With the images removed, return every line below exactly as it reads.

▶ _DATA FOR REVIEW_:
—————
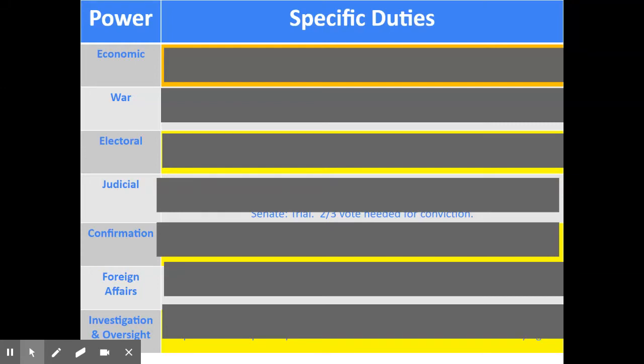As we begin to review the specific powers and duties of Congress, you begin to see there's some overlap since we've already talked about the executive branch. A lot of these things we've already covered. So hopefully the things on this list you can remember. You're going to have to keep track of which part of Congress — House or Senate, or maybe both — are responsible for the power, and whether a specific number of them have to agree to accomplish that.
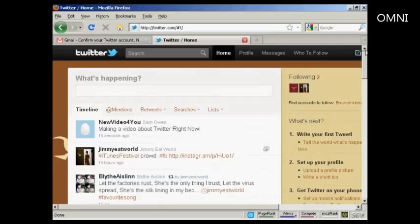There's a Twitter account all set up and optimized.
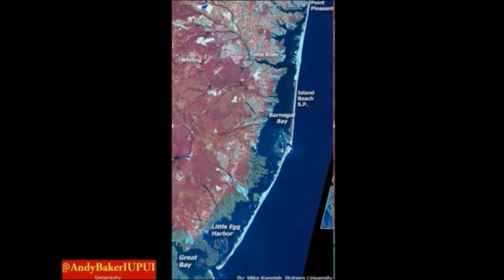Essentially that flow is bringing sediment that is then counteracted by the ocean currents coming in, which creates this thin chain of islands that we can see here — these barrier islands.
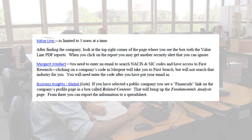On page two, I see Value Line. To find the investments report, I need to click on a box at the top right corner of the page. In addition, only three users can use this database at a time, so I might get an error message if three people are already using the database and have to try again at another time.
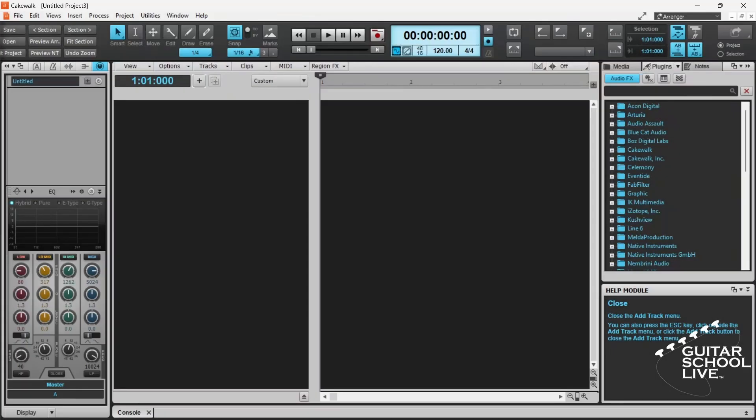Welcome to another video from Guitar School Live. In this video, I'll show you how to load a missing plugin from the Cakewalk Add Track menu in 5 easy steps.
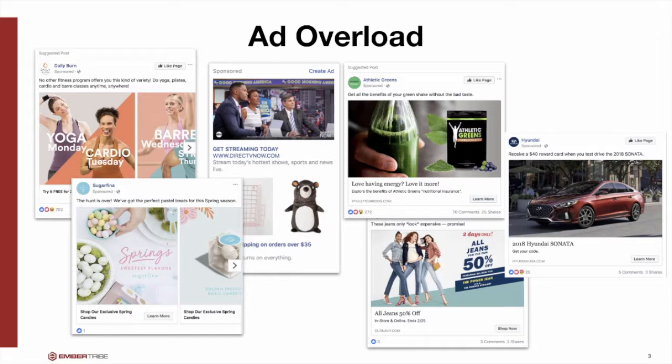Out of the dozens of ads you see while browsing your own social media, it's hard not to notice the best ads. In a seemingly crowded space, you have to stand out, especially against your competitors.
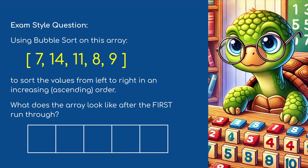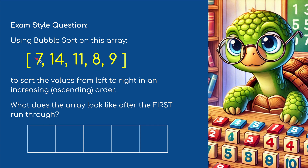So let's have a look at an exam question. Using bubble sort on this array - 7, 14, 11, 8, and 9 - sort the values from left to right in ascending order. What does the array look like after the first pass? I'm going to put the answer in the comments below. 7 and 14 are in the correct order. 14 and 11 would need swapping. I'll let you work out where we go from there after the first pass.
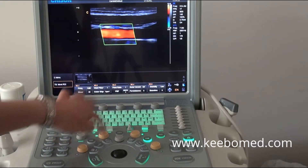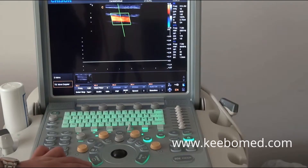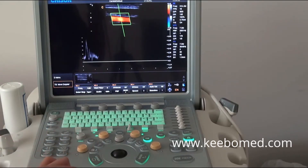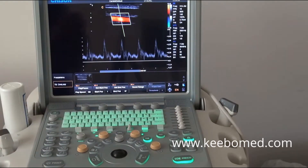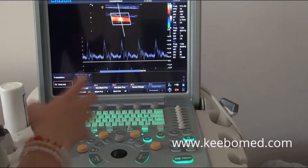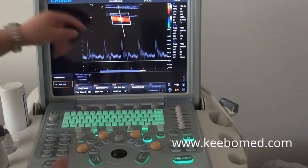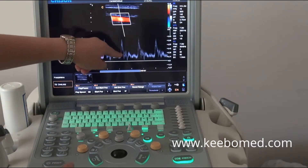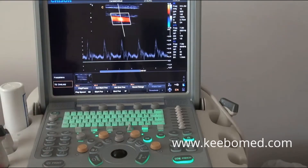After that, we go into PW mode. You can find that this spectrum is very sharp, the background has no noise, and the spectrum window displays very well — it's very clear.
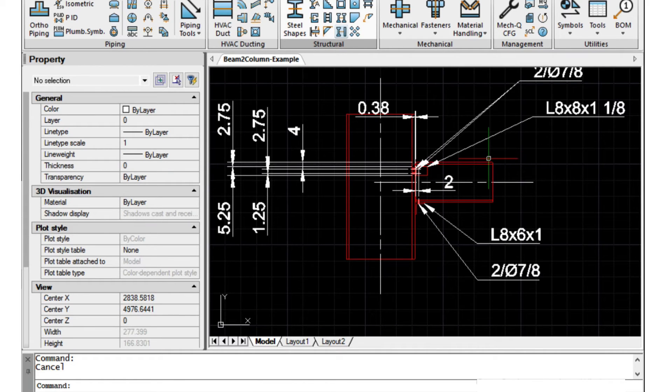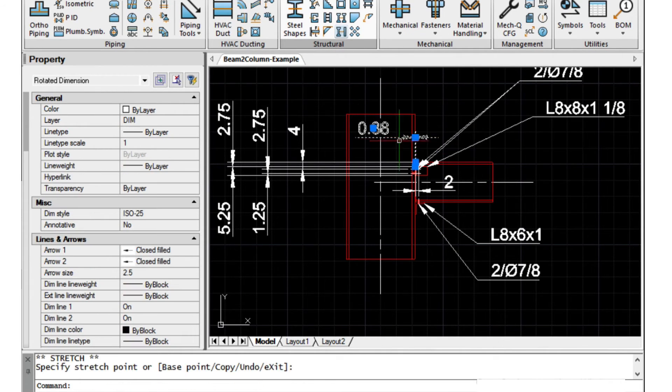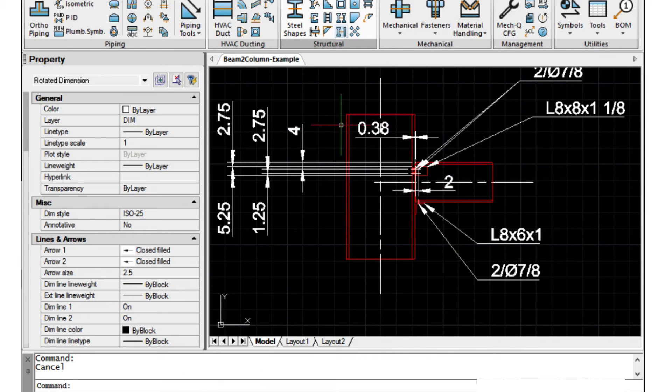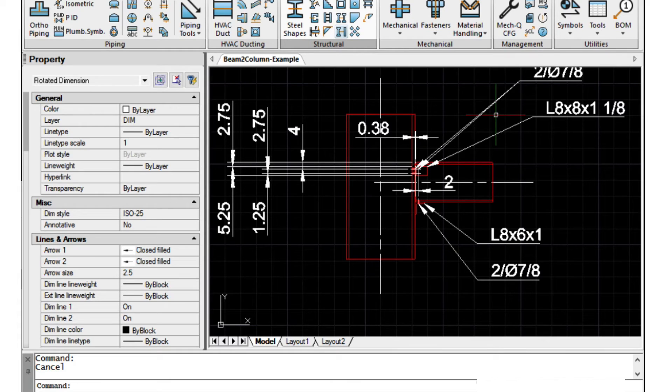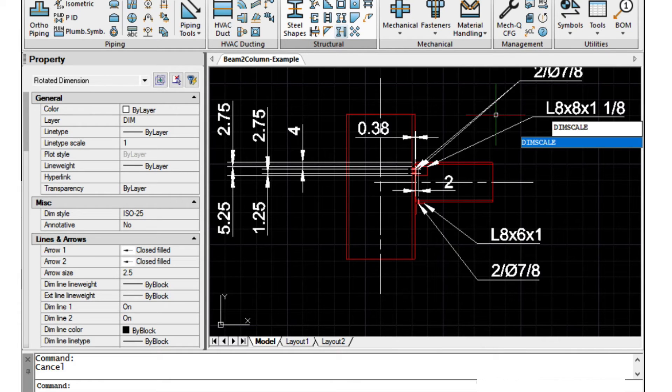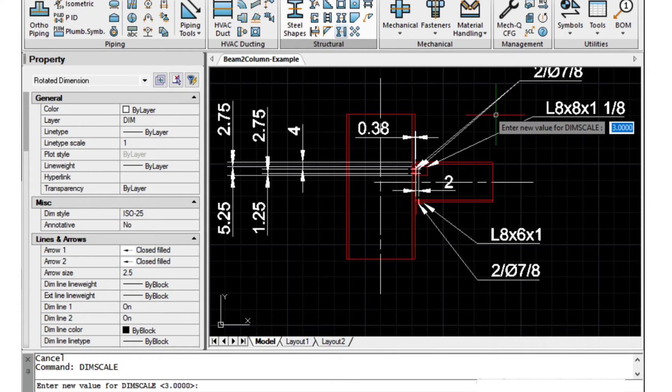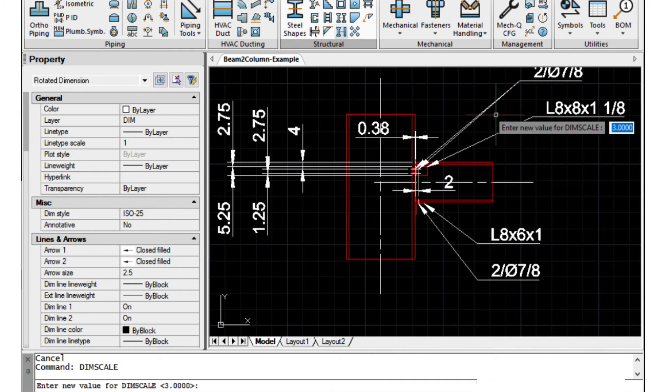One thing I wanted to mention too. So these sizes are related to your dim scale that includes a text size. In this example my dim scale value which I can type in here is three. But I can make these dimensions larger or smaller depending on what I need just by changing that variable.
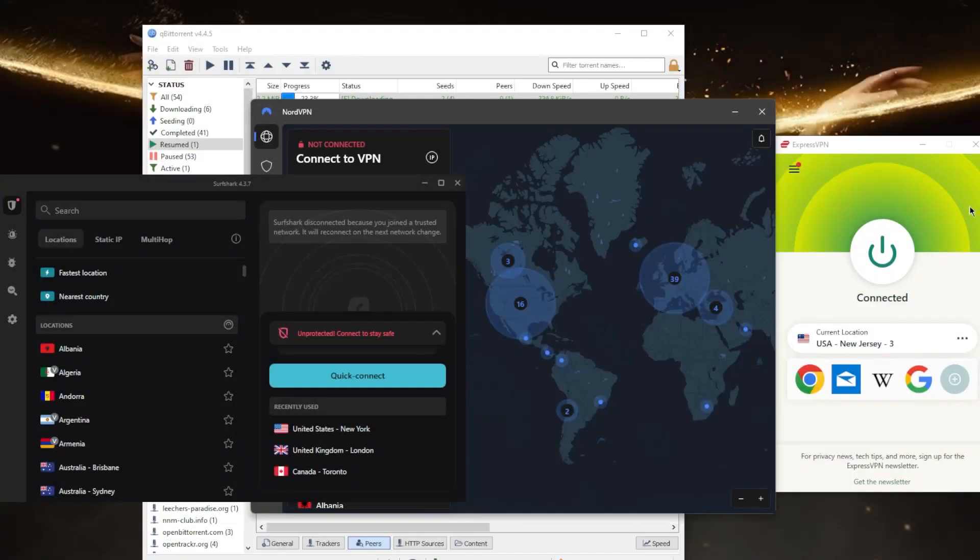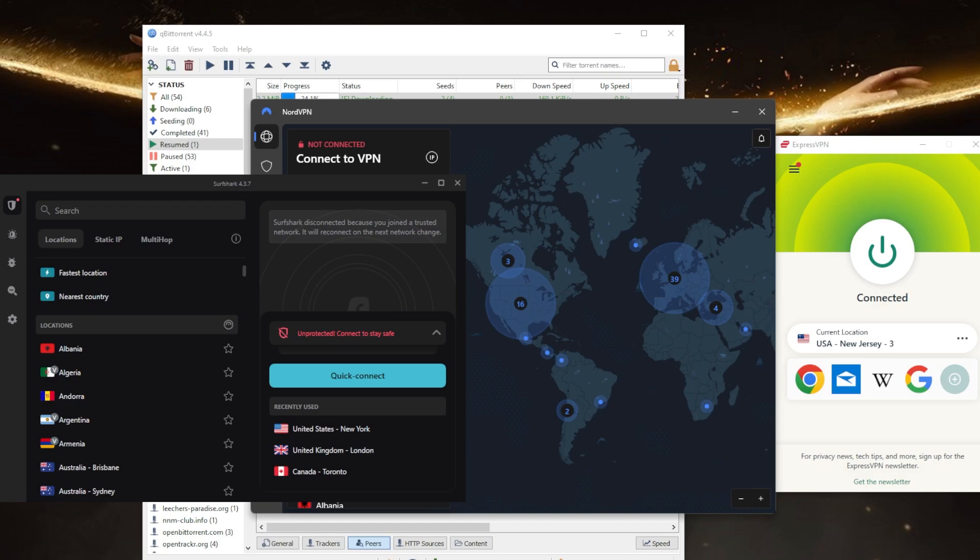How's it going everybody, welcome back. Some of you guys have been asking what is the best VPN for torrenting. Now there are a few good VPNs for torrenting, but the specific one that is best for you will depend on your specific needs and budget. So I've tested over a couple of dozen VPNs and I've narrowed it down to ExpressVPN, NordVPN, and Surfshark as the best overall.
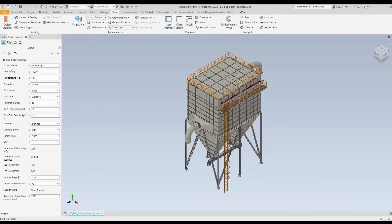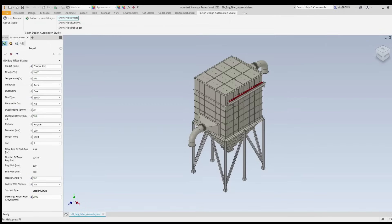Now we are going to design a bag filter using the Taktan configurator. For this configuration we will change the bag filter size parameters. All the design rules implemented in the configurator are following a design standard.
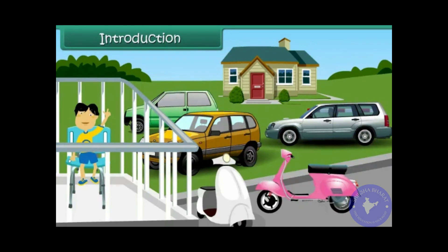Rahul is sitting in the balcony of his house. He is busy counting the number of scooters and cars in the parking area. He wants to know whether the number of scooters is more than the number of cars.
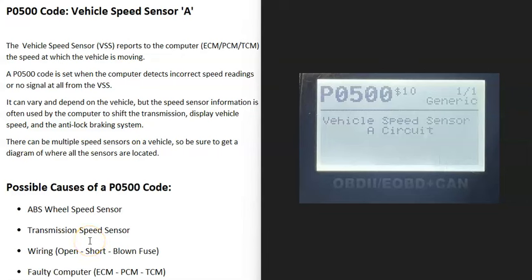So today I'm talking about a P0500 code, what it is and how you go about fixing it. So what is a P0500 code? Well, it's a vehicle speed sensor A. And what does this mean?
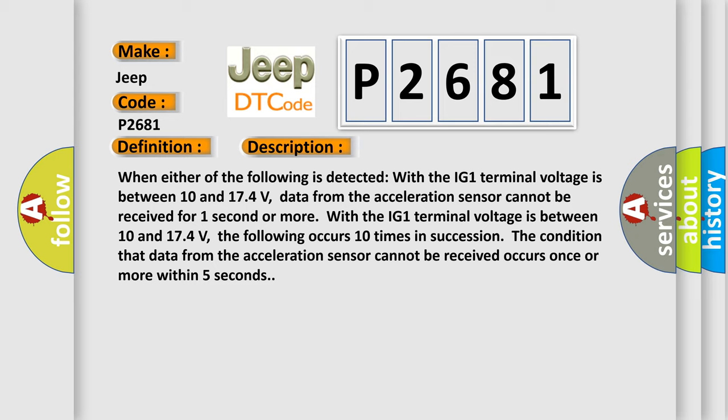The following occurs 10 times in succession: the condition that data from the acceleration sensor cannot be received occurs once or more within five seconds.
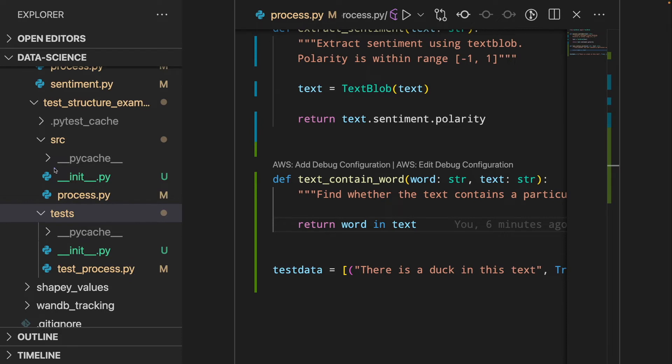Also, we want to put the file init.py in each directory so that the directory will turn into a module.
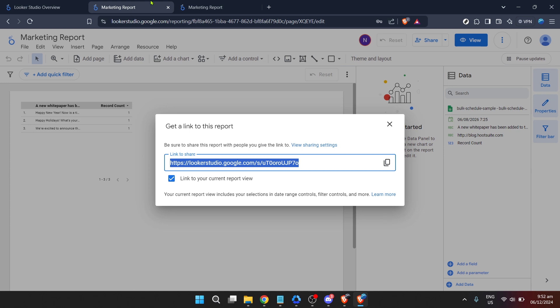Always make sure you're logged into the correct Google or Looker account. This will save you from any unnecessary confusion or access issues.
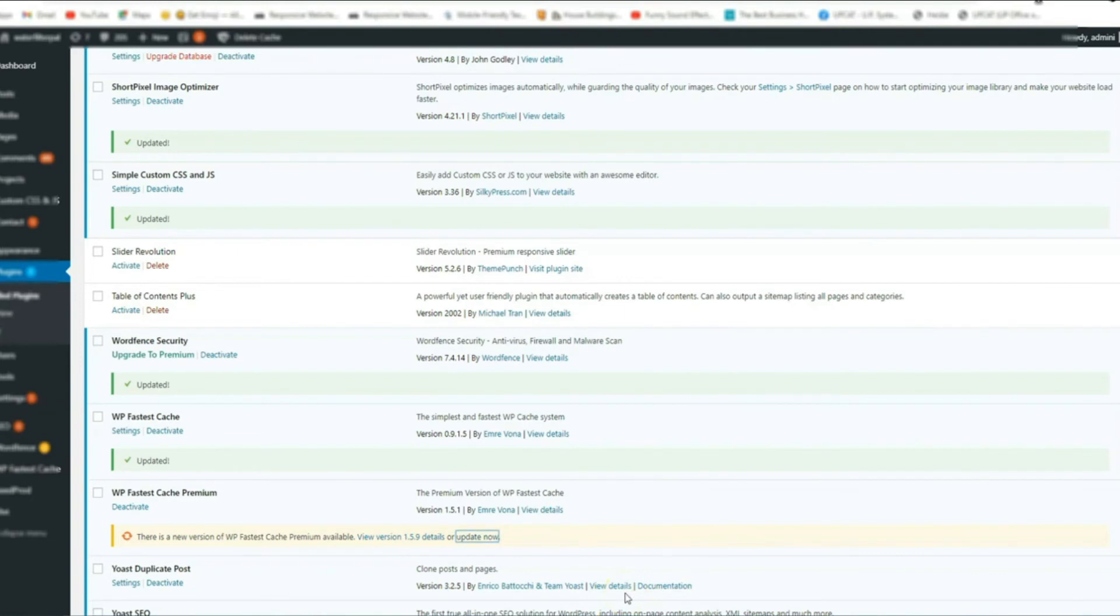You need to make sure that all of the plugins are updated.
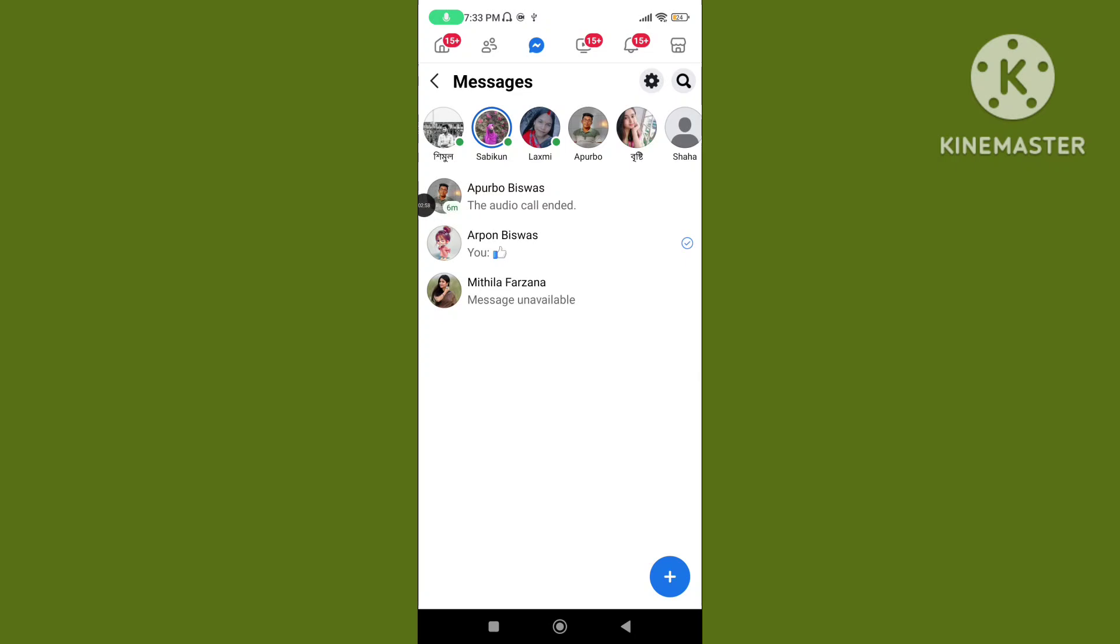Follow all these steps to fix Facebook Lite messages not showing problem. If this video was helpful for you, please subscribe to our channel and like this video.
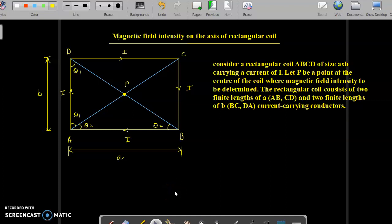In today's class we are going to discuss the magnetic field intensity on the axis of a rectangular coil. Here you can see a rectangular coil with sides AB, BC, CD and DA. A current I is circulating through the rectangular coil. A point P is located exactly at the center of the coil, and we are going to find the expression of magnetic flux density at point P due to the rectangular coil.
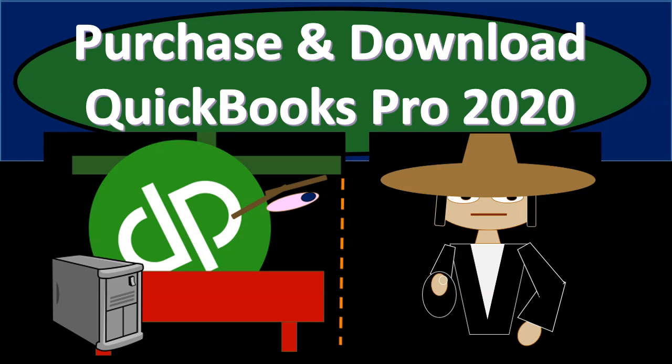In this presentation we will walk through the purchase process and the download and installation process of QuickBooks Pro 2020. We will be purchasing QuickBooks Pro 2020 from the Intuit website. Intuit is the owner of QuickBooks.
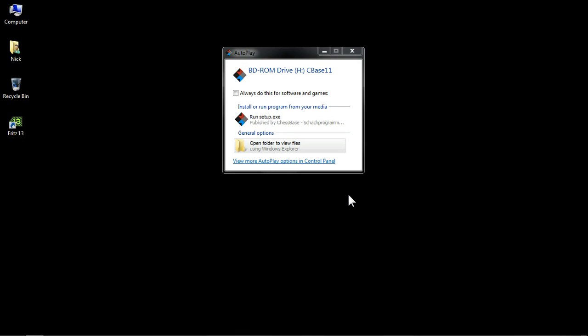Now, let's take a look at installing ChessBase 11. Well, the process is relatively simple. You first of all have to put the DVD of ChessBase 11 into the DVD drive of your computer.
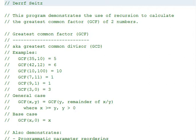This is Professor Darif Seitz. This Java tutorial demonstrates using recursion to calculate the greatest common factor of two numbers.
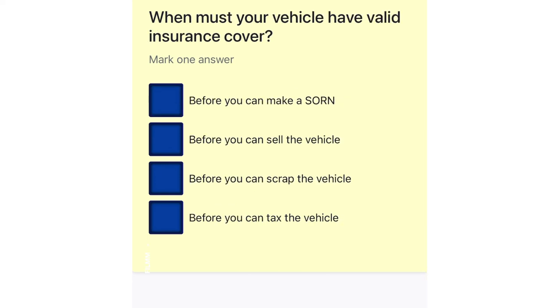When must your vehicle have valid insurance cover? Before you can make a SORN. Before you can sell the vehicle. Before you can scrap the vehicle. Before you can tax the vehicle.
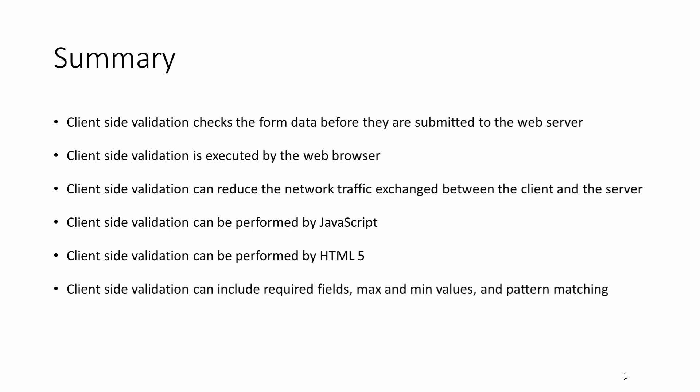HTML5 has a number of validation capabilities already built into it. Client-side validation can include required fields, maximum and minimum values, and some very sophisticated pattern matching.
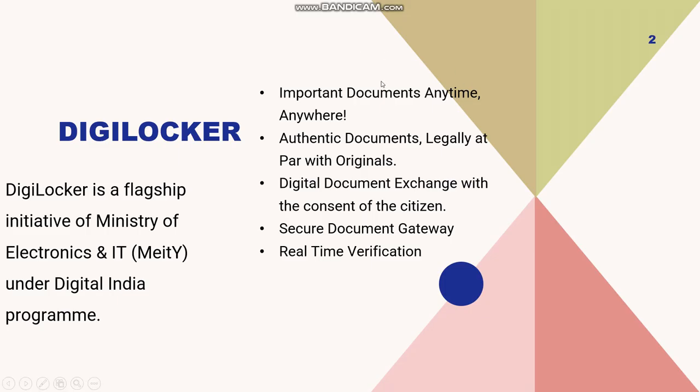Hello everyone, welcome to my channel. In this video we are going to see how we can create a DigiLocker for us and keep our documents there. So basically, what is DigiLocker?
—————
▶ _REPLY TO THE TASK_:
As we begin to review the specific powers and duties of Congress, you begin to see there's some overlap since we've already talked about the executive branch. A lot of these things we've already covered. So hopefully the things on this list you can remember. You're going to have to keep track of which part of Congress — House or Senate, or maybe both — are responsible for the power, and whether a specific number of them have to agree to accomplish that.
There's a Twitter account all set up and optimized.
Essentially that flow is bringing sediment that is then counteracted by the ocean currents coming in, which creates this thin chain of islands that we can see here — these barrier islands.
On page two, I see Value Line. To find the investments report, I need to click on a box at the top right corner of the page. In addition, only three users can use this database at a time, so I might get an error message if three people are already using the database and have to try again at another time.
Welcome to another video from Guitar School Live. In this video, I'll show you how to load a missing plugin from the Cakewalk Add Track menu in 5 easy steps.
Out of the dozens of ads you see while browsing your own social media, it's hard not to notice the best ads. In a seemingly crowded space, you have to stand out, especially against your competitors.
So let's have a look at an exam question. Using bubble sort on this array - 7, 14, 11, 8, and 9 - sort the values from left to right in ascending order. What does the array look like after the first pass? I'm going to put the answer in the comments below. 7 and 14 are in the correct order. 14 and 11 would need swapping. I'll let you work out where we go from there after the first pass.
After that, we go into PW mode. You can find that this spectrum is very sharp, the background has no noise, and the spectrum window displays very well — it's very clear.
One thing I wanted to mention too. So these sizes are related to your dim scale that includes a text size. In this example my dim scale value which I can type in here is three. But I can make these dimensions larger or smaller depending on what I need just by changing that variable.
How's it going everybody, welcome back. Some of you guys have been asking what is the best VPN for torrenting. Now there are a few good VPNs for torrenting, but the specific one that is best for you will depend on your specific needs and budget. So I've tested over a couple of dozen VPNs and I've narrowed it down to ExpressVPN, NordVPN, and Surfshark as the best overall.
Now we are going to design a bag filter using the Taktan configurator. For this configuration we will change the bag filter size parameters. All the design rules implemented in the configurator are following a design standard.
Rahul is sitting in the balcony of his house. He is busy counting the number of scooters and cars in the parking area. He wants to know whether the number of scooters is more than the number of cars.
So today I'm talking about a P0500 code, what it is and how you go about fixing it. So what is a P0500 code? Well, it's a vehicle speed sensor A. And what does this mean?
The following occurs 10 times in succession: the condition that data from the acceleration sensor cannot be received occurs once or more within five seconds.
Also, we want to put the file init.py in each directory so that the directory will turn into a module.
Always make sure you're logged into the correct Google or Looker account. This will save you from any unnecessary confusion or access issues.
You need to make sure that all of the plugins are updated.
Follow all these steps to fix Facebook Lite messages not showing problem. If this video was helpful for you, please subscribe to our channel and like this video.
In today's class we are going to discuss the magnetic field intensity on the axis of a rectangular coil. Here you can see a rectangular coil with sides AB, BC, CD and DA. A current I is circulating through the rectangular coil. A point P is located exactly at the center of the coil, and we are going to find the expression of magnetic flux density at point P due to the rectangular coil.
In this presentation we will walk through the purchase process and the download and installation process of QuickBooks Pro 2020. We will be purchasing QuickBooks Pro 2020 from the Intuit website. Intuit is the owner of QuickBooks.
Now, let's take a look at installing ChessBase 11. Well, the process is relatively simple. You first of all have to put the DVD of ChessBase 11 into the DVD drive of your computer.
This is Professor Darif Seitz. This Java tutorial demonstrates using recursion to calculate the greatest common factor of two numbers.
When must your vehicle have valid insurance cover? Before you can make a SORN. Before you can sell the vehicle. Before you can scrap the vehicle. Before you can tax the vehicle.
HTML5 has a number of validation capabilities already built into it. Client-side validation can include required fields, maximum and minimum values, and some very sophisticated pattern matching.
Hello everyone, welcome to my channel. In this video we are going to see how we can create a DigiLocker for us and keep our documents there. So basically, what is DigiLocker?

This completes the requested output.